> [DATA FOR REVIEW]:
*****

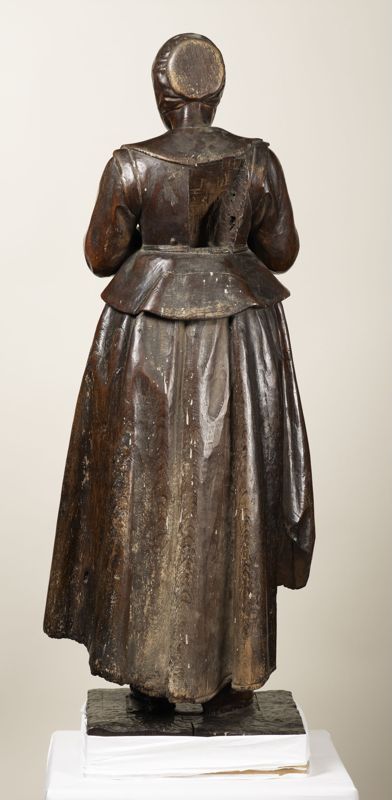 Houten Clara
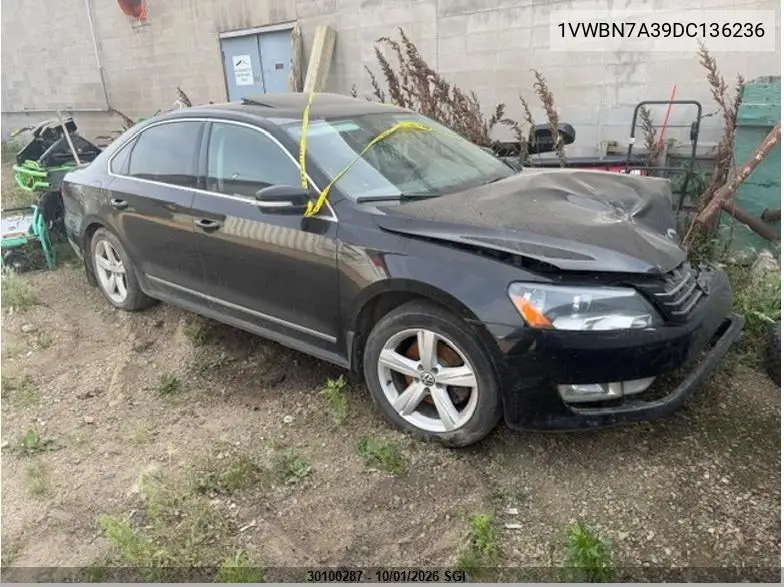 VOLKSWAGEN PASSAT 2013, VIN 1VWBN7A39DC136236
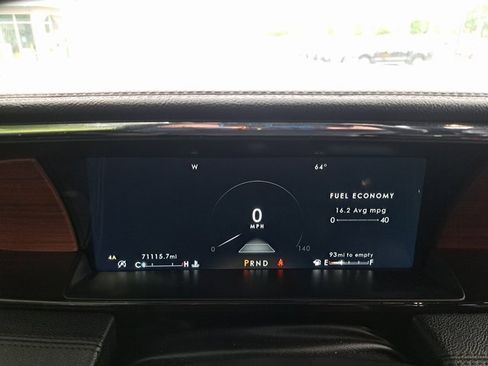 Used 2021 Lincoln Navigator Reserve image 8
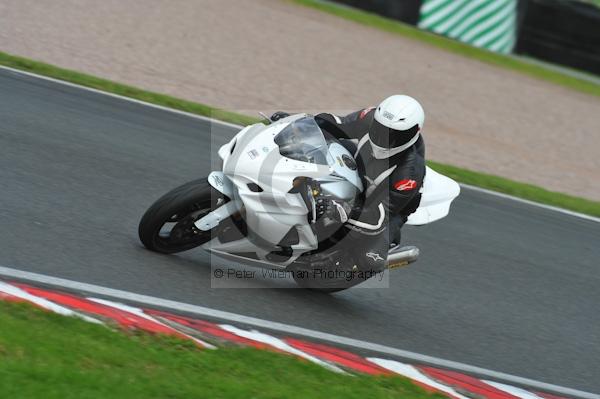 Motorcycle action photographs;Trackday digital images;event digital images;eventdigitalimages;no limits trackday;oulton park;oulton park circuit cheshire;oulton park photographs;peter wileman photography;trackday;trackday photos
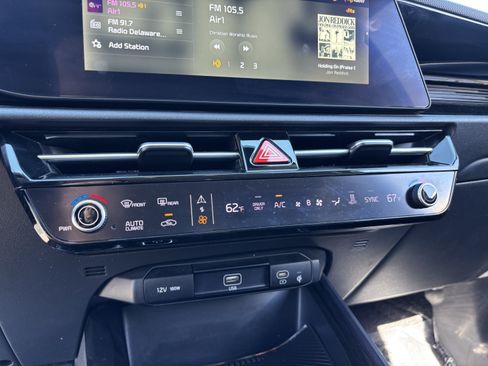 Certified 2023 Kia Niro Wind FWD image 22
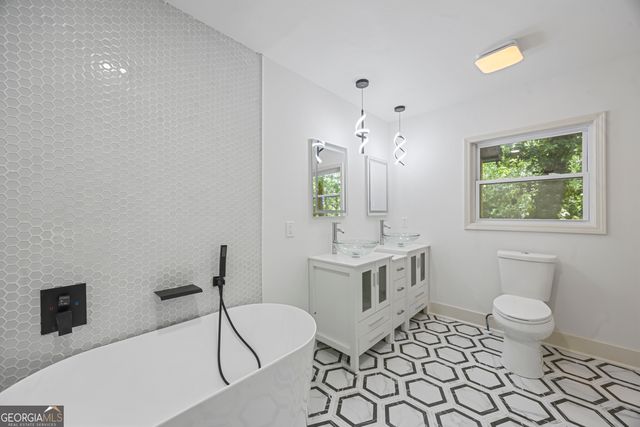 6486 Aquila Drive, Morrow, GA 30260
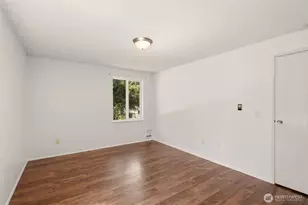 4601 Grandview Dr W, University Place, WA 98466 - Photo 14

*****

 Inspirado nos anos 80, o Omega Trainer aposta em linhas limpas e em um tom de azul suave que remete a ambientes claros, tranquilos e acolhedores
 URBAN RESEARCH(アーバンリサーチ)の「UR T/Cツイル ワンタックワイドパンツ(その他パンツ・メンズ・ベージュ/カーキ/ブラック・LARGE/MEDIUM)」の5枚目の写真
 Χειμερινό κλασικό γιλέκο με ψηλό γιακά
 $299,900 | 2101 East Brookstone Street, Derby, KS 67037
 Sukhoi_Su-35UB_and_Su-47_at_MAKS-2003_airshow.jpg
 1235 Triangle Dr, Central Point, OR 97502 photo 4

*****

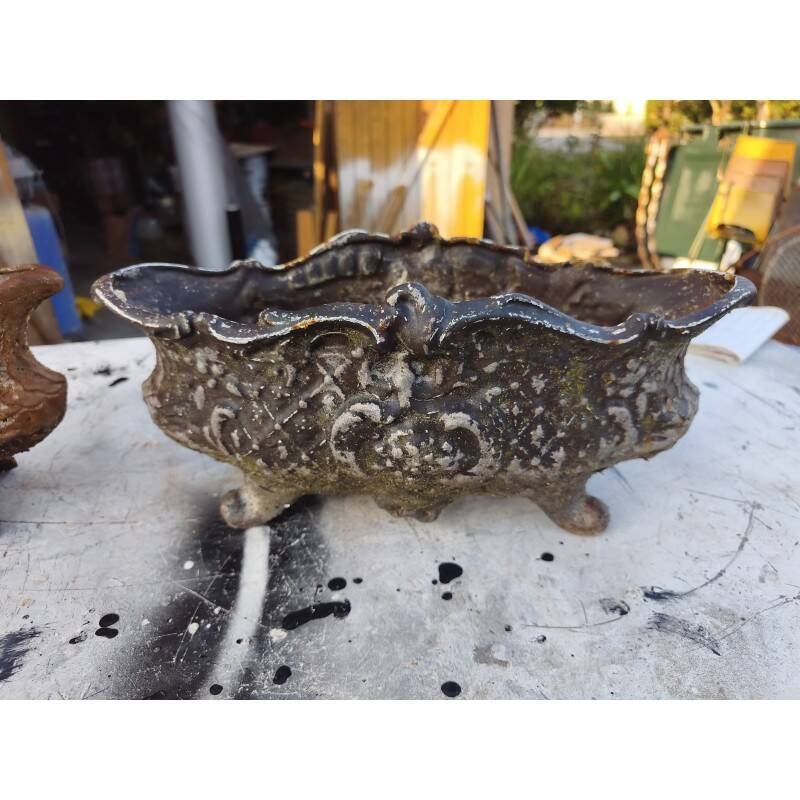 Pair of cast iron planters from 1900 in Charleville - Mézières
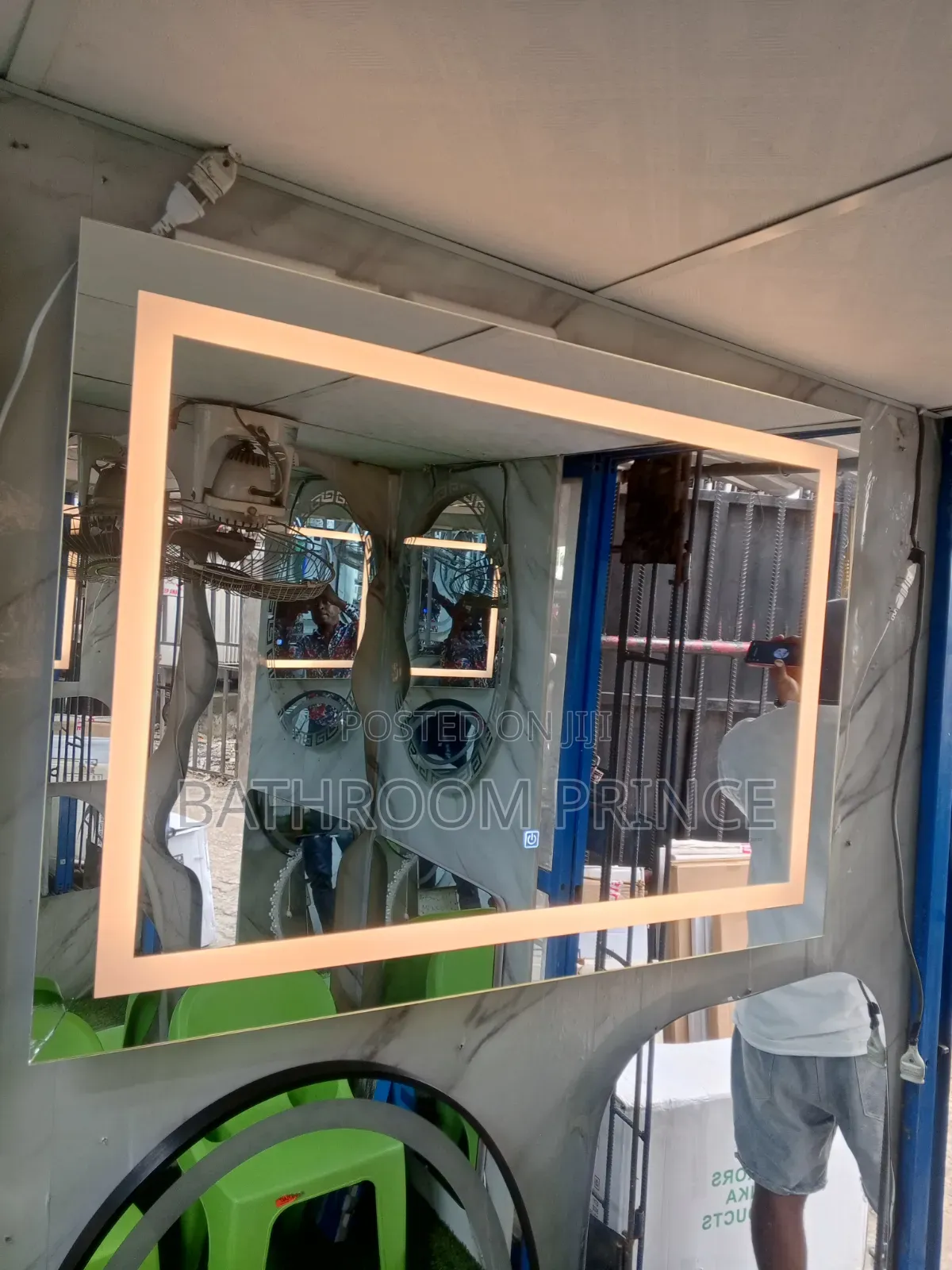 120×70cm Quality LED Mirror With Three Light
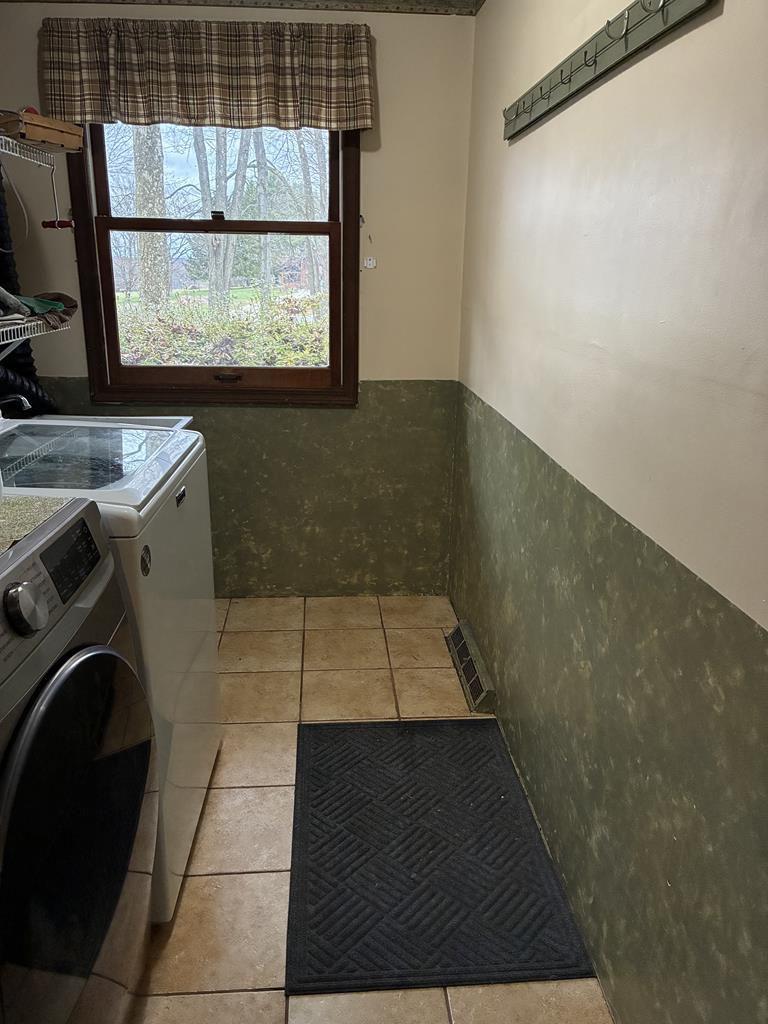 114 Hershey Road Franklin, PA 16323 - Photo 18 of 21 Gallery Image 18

*****

> [WORK INSTRUCTION]:
Above are the entries. Quote exactly the lines from the one bearing "URBAN RESEARCH(アーバンリサーチ)の「UR T/Cツイル" through the one bearing "1235 Triangle Dr, Central".

> [EXERCISE OUTPUT]:
 URBAN RESEARCH(アーバンリサーチ)の「UR T/Cツイル ワンタックワイドパンツ(その他パンツ・メンズ・ベージュ/カーキ/ブラック・LARGE/MEDIUM)」の5枚目の写真
 Χειμερινό κλασικό γιλέκο με ψηλό γιακά
 $299,900 | 2101 East Brookstone Street, Derby, KS 67037
 Sukhoi_Su-35UB_and_Su-47_at_MAKS-2003_airshow.jpg
 1235 Triangle Dr, Central Point, OR 97502 photo 4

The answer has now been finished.